Trotz der schwersten Krise seiner Amtszeit hat sich Präsident Joseph Blatter die Macht im Fußball-Weltverband (FIFA) erhalten und radikale Reformen zur Rettung der taumelnden FIFA präsentiert. Bei der geheimen Abstimmung auf dem Kongress am Mittwoch stimmte eine überwältigende Mehrheit von 186 der 203 abstimmenden Delegierten für eine weitere Amtszeit des 75-jährigen FIFA-Präsidenten aus der Schweiz, der dem Weltverband seit 1998 vorsteht.

   Blatter hatte zuvor längst überfällige Veränderungen angekündigt, um die FIFA vor dem Auseinanderbrechen zu bewahren.
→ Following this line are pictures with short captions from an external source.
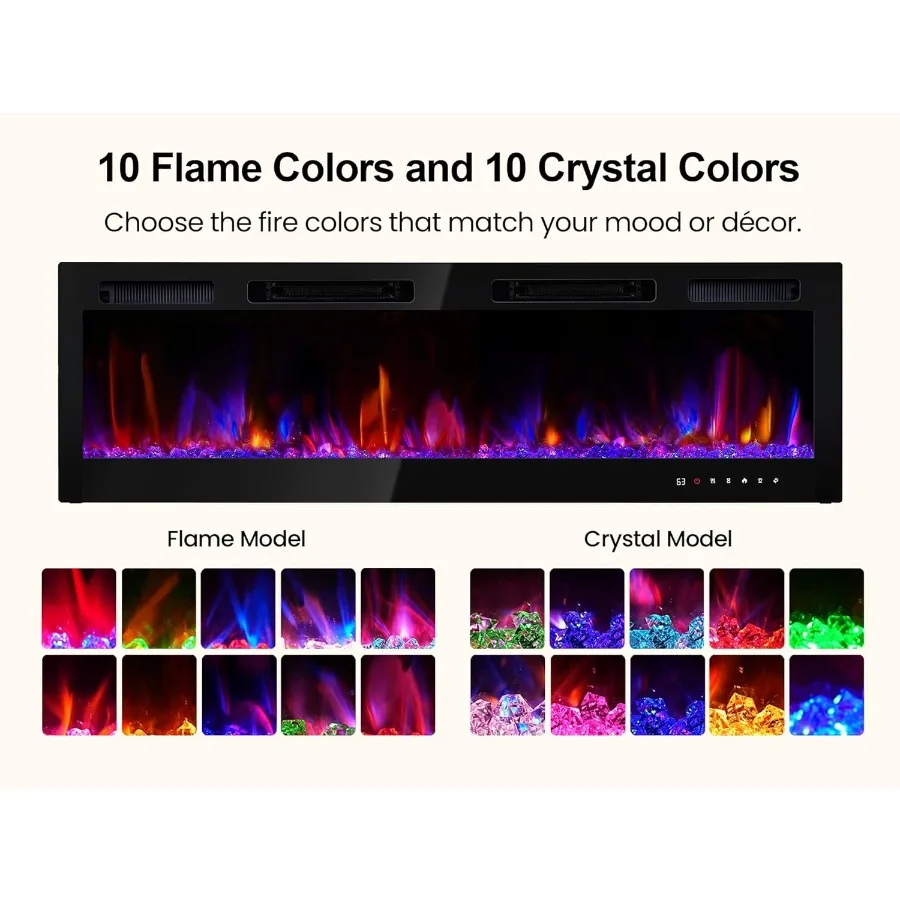 مدفأة كهربائية مثبتة على الحائط 60 1500 وات، سخانات مجوفة مع 3 أوضاع تسخين، تصميم نحيف باللون الأسود، جهاز تحكم عن بعد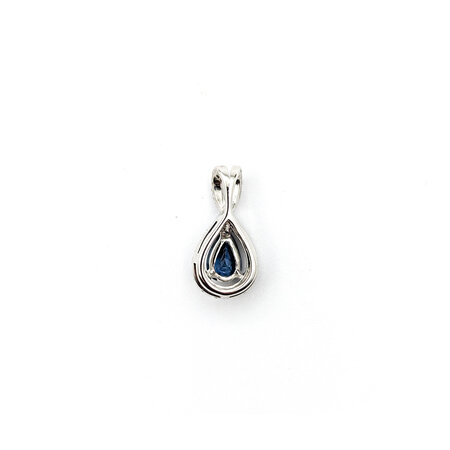 Pendant Halo .14ctw Round Diamonds .48ctw Sapphire 15x7.5 14kw " 124061255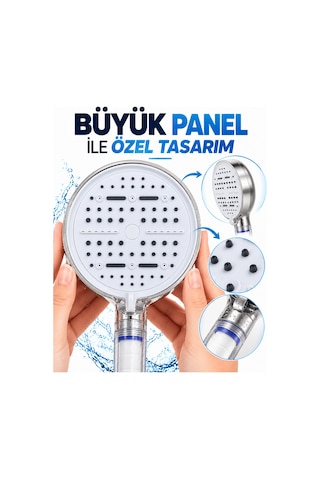 6 Modlu Filtreli Duş Başlığı Büyük Panel Su Tasarruflu Çok Fonksiyonlu Beyaz Duş Başlığı Renkli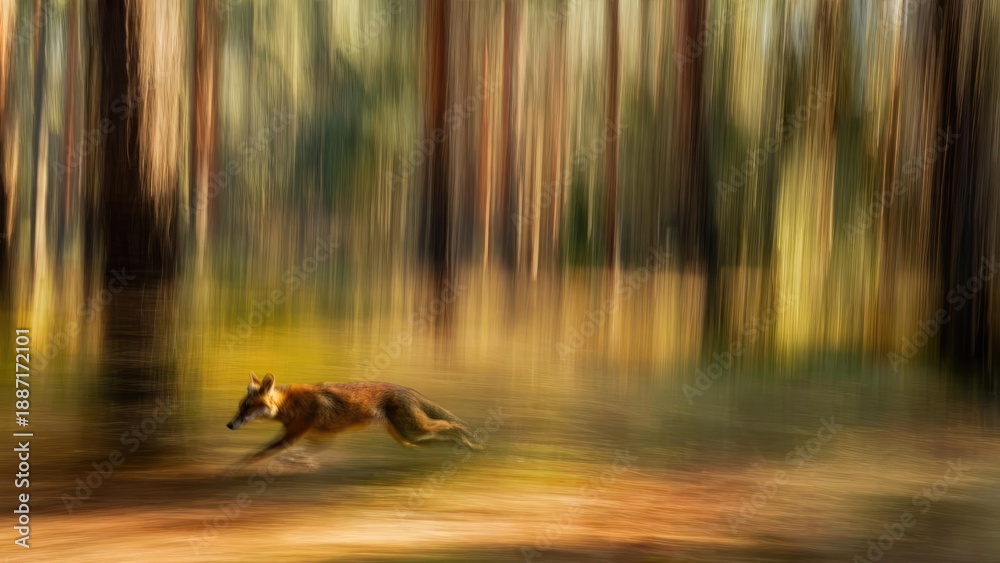 Obraz premium fox sprinting through a sunlit forest with motion blur Concept Fox in motion, Sunlit forest, Motion blur photography, Wildlife action shot, Dynamic wildlife portrait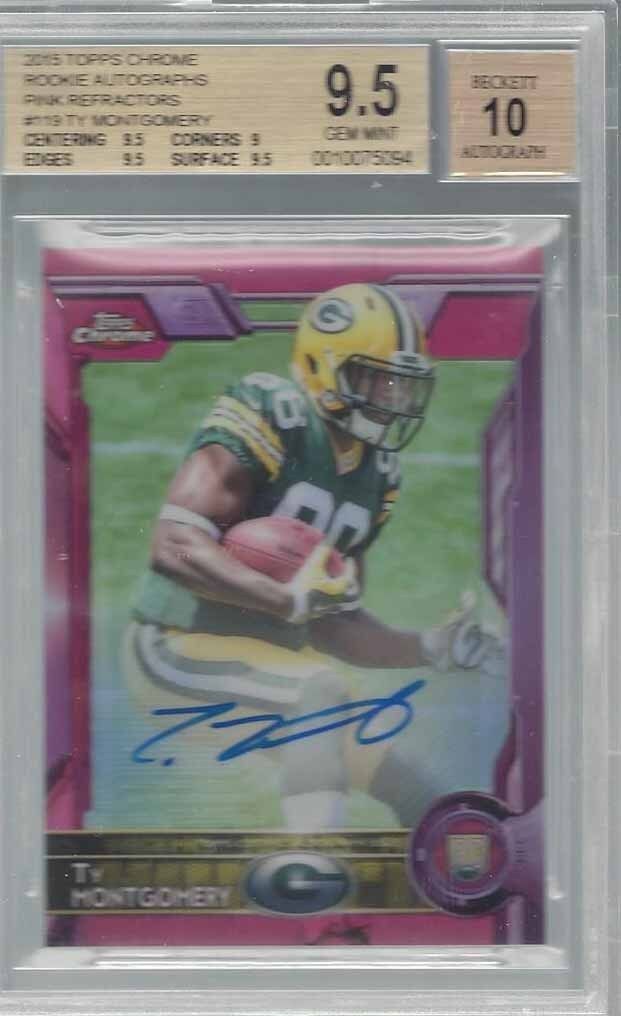 TY MONTGOMERY 2015 TOPPS CHROME PINK REFRACTOR AUTO RC /75 BGS 9.5 w 10 AUTO GEM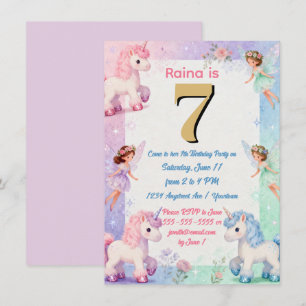 Invitation Fées Princesses et Licornes Anniversaire Fille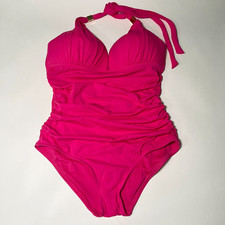 Victoria Secret Medium M Forever One Piece Swimsuit Bikini Push Up Ruched Pink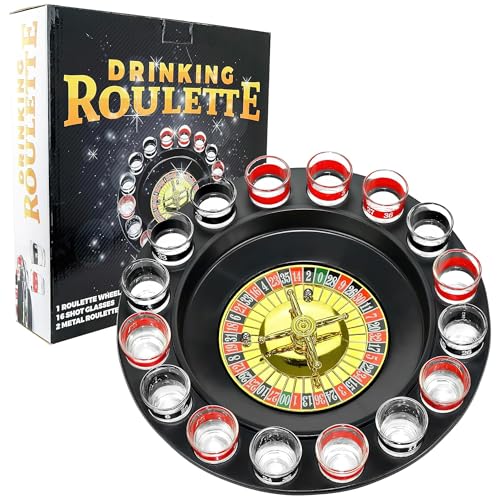 Shot Glass Roulette Drinking Game – 16-Piece Red/Black Set with 2 Metal Balls, Fun Adult...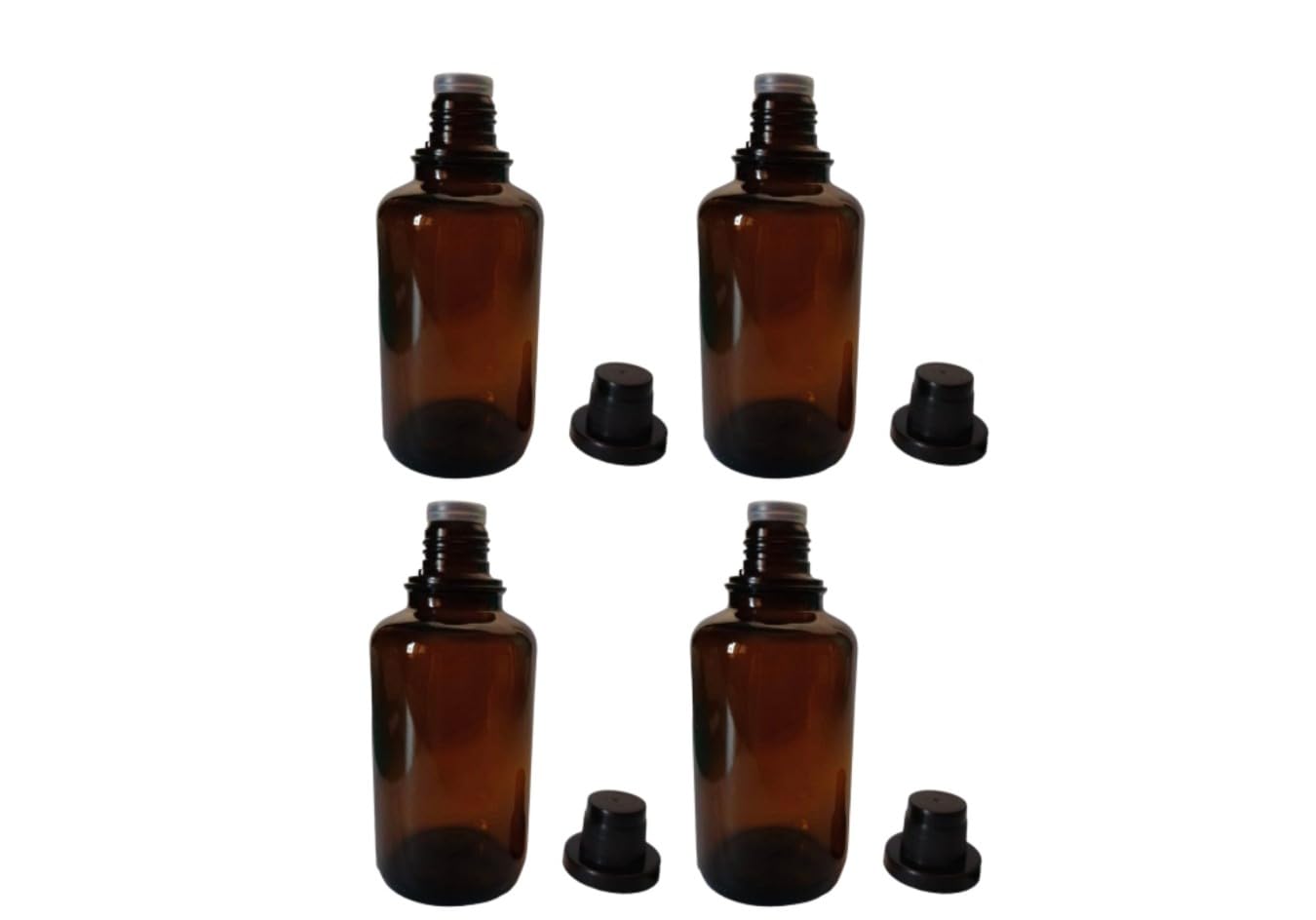SAS Laboratory Amber Glass Bottle 500 ml with Black Screw Cap | Ideal for Medicines, Chemicals, Reagents Etc | Leak-Proof Refillable (Pack of 4)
So soll in Zukunft nicht mehr das skandalumtoste Exekutivkomitee über die WM-Vergaben abstimmen, sondern alle Mitgliedsverbände beim Kongress. Zudem dürfen bei Korruptions- und Bestechungsvorwürfen erstmals auch externe Experten dabei helfen, in der FIFA aufzuräumen.

   Dass das dringend nötig ist, sieht auch der neue und alte Präsident mittlerweile ein. "Ich bin ein Kapitän in turbulenten Zeiten. Wir haben Schläge eingesteckt und ich persönlich einige Ohrfeigen, die Verwarnung hat gut getan", sagte Blatter in seiner mit Spannung erwarteten Grundsatzrede. Der Antrag seiner englischen Kritiker, die Wahl des Präsidenten zu verschieben, war zuvor mit klarer Mehrheit abgeschmettert worden (17:172). Der erneuten Inthronisierung des angeschlagenen Königs stand nichts mehr im Weg.

   Um 18.03 Uhr verkündete FIFA-Vize Julio Grondona das Ergebnis der geheimen Wahl durch die 206 stimmberechtigten Verbände, von denen 203 ihre Stimme abgaben. Die Verbände aus Brunei-Darussalam sowie Sao Tome und Príncipe durften nicht abstimmen.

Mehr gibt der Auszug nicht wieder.